Jane Brox’s fascinating history is let down by its subtitle. Artificial light good enough to live and work by did not “evolve”; it was, as Brilliant ably demonstrates, the grail of an ugly, stumbling and occasionally farcical 40,000-year quest.

If the first half of Brox’s account is more engaging than the second it’s because, since Edison and Tesla fought their electrical duels in the 1880s, light has ceased to be something we make.

Most of the time, it’s not even a product. It’s a utility – ignored until it fails. Brox’s engagement with her subject never falters, but really, how do you follow tales of Shetland Islanders, threading a wick down a storm petrel’s throat and setting it alight? Or the Javanese thief whose shuttered lantern was powered by fireflies?

Brox handles this sense of diminishing returns head-on. Toughened by her earlier studies of hardscrabble American farm life, she absolutely refuses to succumb to nostalgia.

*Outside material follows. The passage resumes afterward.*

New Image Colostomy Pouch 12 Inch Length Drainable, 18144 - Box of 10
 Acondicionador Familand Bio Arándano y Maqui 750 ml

The first forms of artificial light were smelly and gruesome. According to Herman Melville, even in the bowels of a whaling ship it seemed an outlandish thing that “mortal man should feed upon the creature that feeds his lamp”.

If ever a technology were welcomed without reserve, it was the technique of making candles and lamp oils from something other than the stuff of “the barnyard and the slaughterhouse, from blood and sinew and bone”. Even pure, white candles made from spermaceti – the waxy substance scooped from the head of a sperm whale – were no match for candles made from paraffin, which first appeared around 1850.

The small, independent British publisher, Souvenir Press, is brave to have snapped up this United States title. Popular science from overseas is hard to import. Indeed, Brox does omit much European experience, missing out the 1900 Paris Expo entirely, though 1900 was a vital coming-of-age moment for electric light.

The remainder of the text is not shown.